ParallelMySQLDump
Contents |
[edit] Adding parallelism to mysqldump
This is part of the Summer of Code 2008 project proposals.
[edit] Synopsys
The idea of this project is to parallelize 'mysqldump' program. Currently, MySQL is fully multi-threaded and can handle larger databases. But dumping these worst-case scenarios can be really painful.

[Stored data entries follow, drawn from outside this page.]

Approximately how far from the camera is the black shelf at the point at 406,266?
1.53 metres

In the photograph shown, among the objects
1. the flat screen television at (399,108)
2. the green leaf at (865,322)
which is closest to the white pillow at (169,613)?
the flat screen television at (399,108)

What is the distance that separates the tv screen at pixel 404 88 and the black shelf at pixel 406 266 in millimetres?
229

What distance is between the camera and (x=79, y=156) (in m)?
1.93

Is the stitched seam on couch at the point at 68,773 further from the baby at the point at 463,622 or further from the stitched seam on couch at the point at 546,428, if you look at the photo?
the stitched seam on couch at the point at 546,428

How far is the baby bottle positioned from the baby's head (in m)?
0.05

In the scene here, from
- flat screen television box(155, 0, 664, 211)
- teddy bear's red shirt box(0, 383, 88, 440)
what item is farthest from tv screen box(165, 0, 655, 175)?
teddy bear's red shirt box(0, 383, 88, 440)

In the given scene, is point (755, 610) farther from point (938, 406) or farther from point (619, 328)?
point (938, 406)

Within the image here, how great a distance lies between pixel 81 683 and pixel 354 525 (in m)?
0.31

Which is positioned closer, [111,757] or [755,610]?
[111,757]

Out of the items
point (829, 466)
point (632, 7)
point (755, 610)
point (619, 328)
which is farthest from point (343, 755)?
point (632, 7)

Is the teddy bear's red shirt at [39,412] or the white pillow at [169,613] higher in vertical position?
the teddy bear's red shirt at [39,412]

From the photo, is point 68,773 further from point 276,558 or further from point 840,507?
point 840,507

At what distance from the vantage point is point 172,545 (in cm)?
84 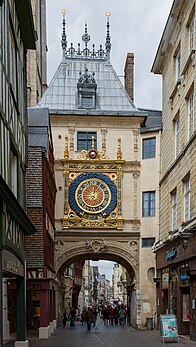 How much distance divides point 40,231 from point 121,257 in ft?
36.8

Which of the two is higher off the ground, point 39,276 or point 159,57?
point 159,57

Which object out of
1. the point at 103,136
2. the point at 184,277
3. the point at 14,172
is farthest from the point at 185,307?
the point at 103,136

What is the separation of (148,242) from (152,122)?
7.24 m

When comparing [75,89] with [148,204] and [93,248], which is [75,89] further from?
[93,248]

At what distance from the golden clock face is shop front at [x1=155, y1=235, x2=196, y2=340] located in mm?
6012

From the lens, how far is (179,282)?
2669 centimetres

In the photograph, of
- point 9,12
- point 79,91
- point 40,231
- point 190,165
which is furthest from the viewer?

By parallelizing the mysqldump tool, significant performance improvements can be achieved for both power and small users of MySQL.
[edit] Parallelization
Incremental steps to achieve parallelizaton:
- For each table, fork a process that will dump it into its own file (considering a single machine running the program).
- Limit the number of process created in a single machine.
- Create a limited number of concurrent threads inside each process.
- Limit the number of concurrent threads dumping.
- Add support to multi-computer parallelism.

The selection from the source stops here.